**What the task asks**
Drop every picture. Then return, exactly, the lines from the beginning of the listing below through the one containing "Various leaves with varies sizes are floating on water surface.".

**Records for the exercise**
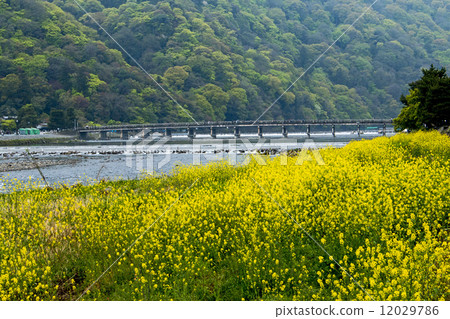 Karasawa河礦石藤 12029786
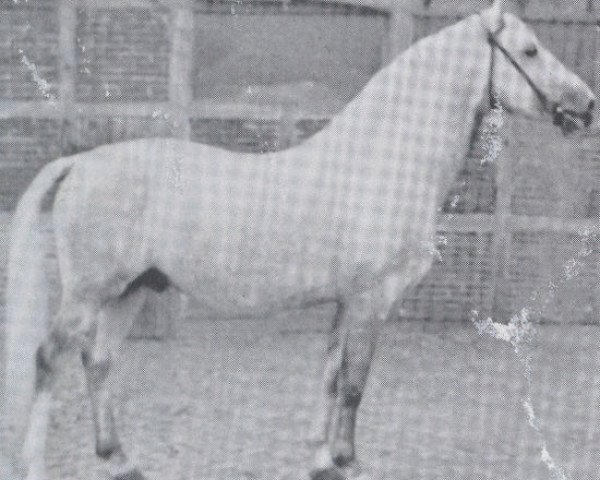 stallion Kalif (Holsteiner, 1946, from Kadi VII ox)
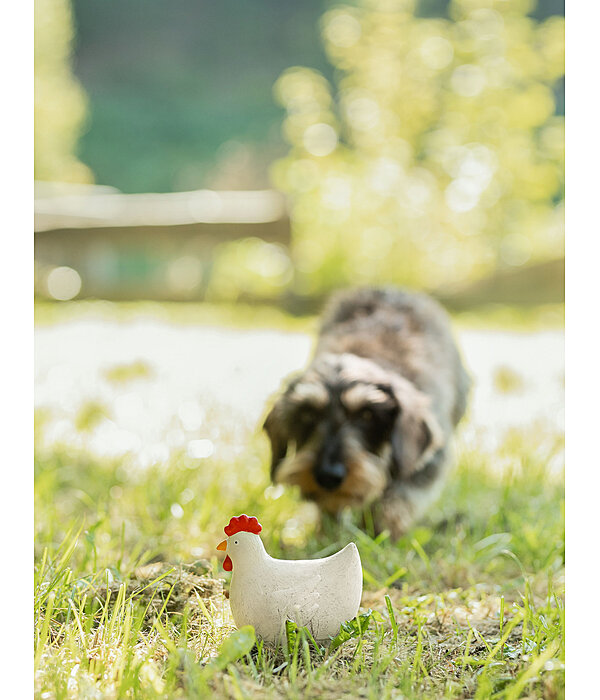 Hundespielzeug Chicken mit Quietsche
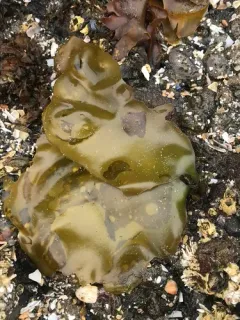Mazzaella flaccida thumbnail 3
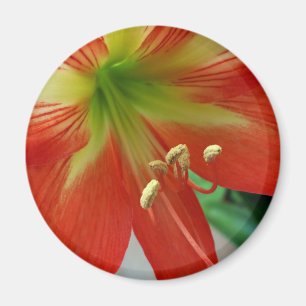 Imán naranja lily
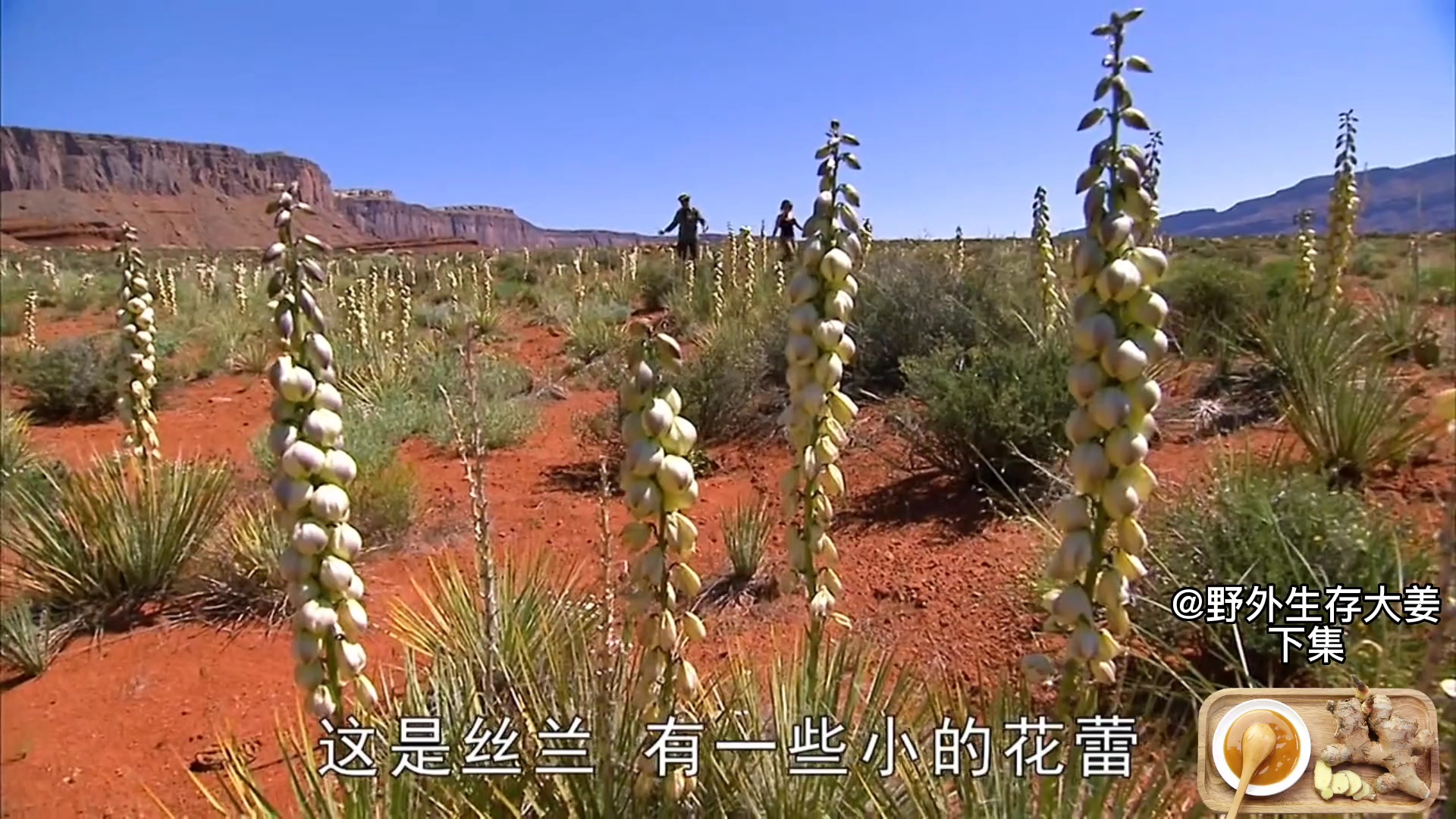 [图]野外夫妻档： 迈克夫妇被困荒野，吊打青蛙，狂追火鸡，脚踹野兔。下集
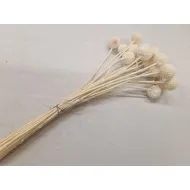 Craspedia bleached 20pcs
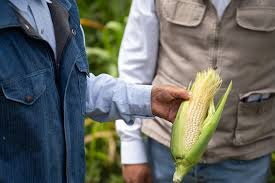 Producción Para El Bienestar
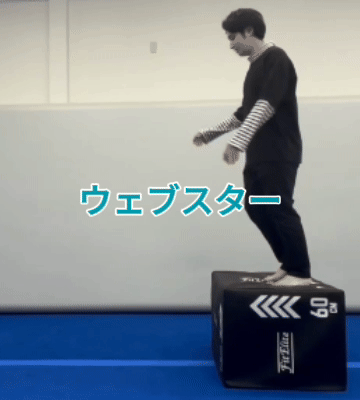 ウェブスター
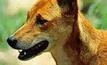 Dingoes rejected as cure for wild dogs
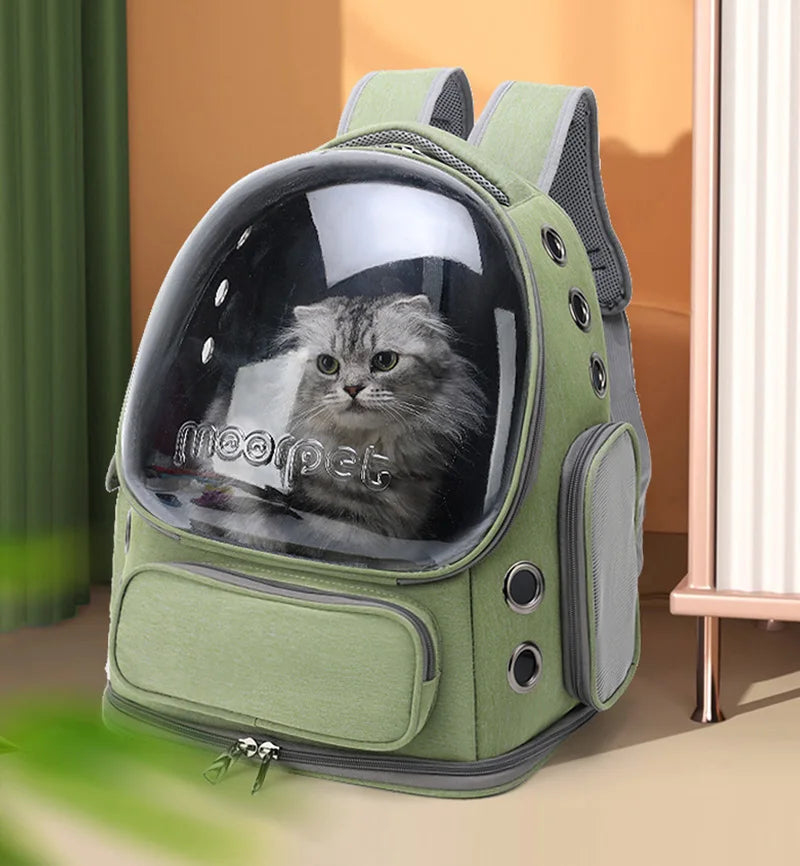 Transparent Pet Carrier Bag
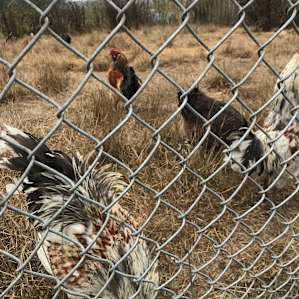 Chickens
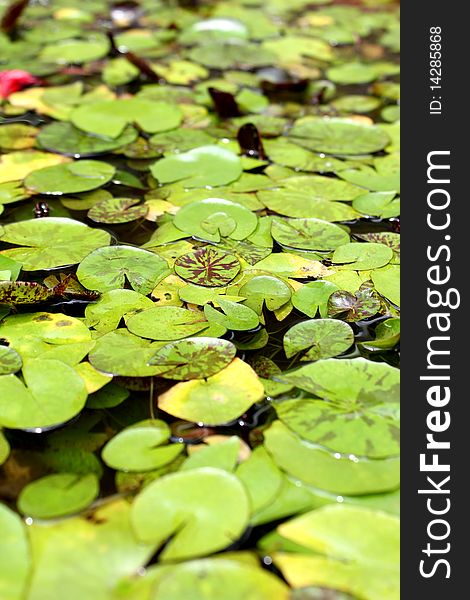 Various leaves with varies sizes are floating on water surface. Various leaves with varies sizes are floating on water surface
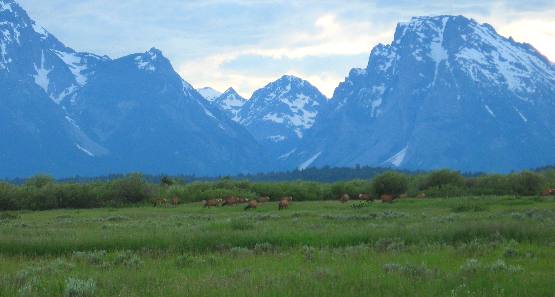Elk herd grazing on Willow Flats in Grand Teton National Park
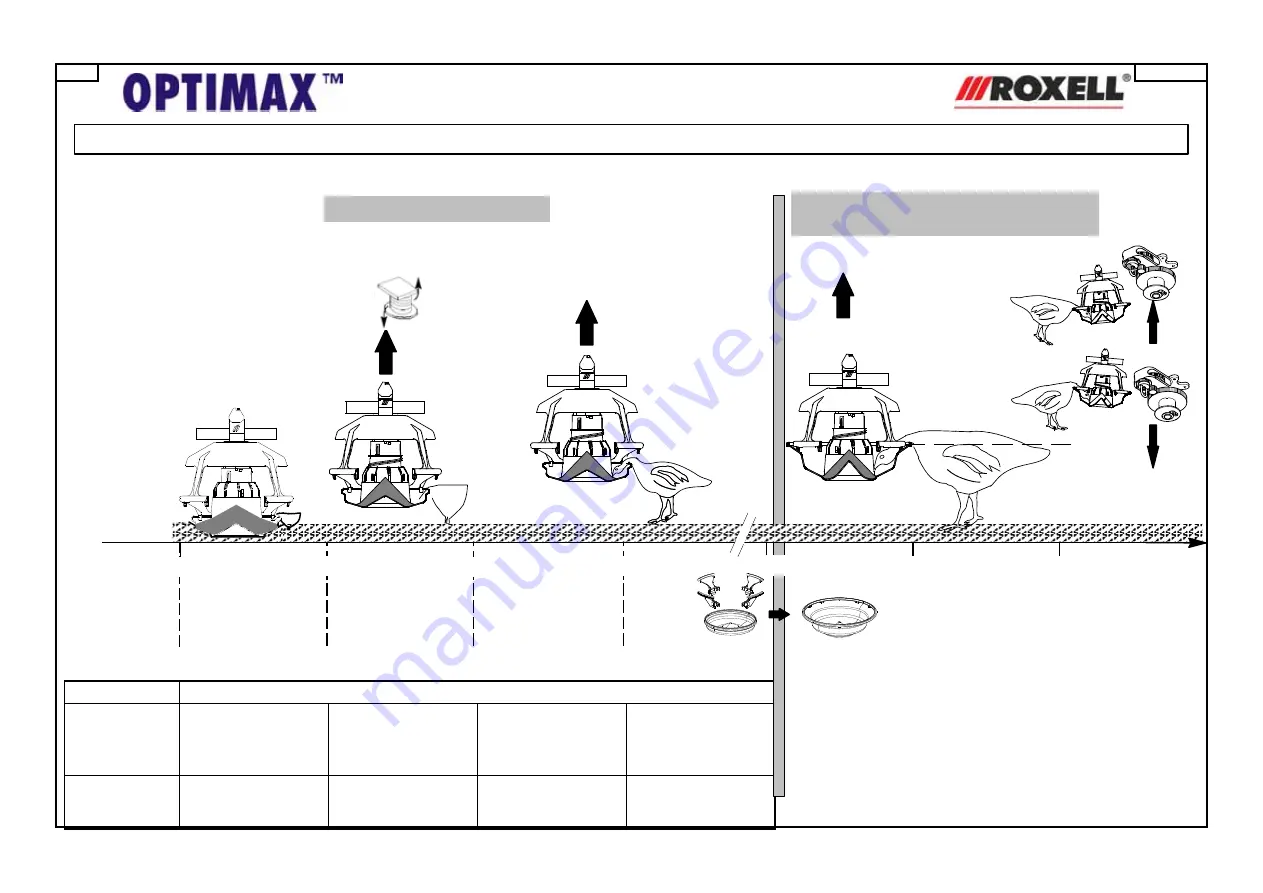 Roxell Optimax Скачать руководство пользователя страница 19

**Response to the task**
 Karasawa河礦石藤 12029786
 stallion Kalif (Holsteiner, 1946, from Kadi VII ox)
 Hundespielzeug Chicken mit Quietsche
Mazzaella flaccida thumbnail 3
 Imán naranja lily
 [图]野外夫妻档： 迈克夫妇被困荒野，吊打青蛙，狂追火鸡，脚踹野兔。下集
 Craspedia bleached 20pcs
 Producción Para El Bienestar
 ウェブスター
 Dingoes rejected as cure for wild dogs
 Transparent Pet Carrier Bag
 Chickens
 Various leaves with varies sizes are floating on water surface. Various leaves with varies sizes are floating on water surface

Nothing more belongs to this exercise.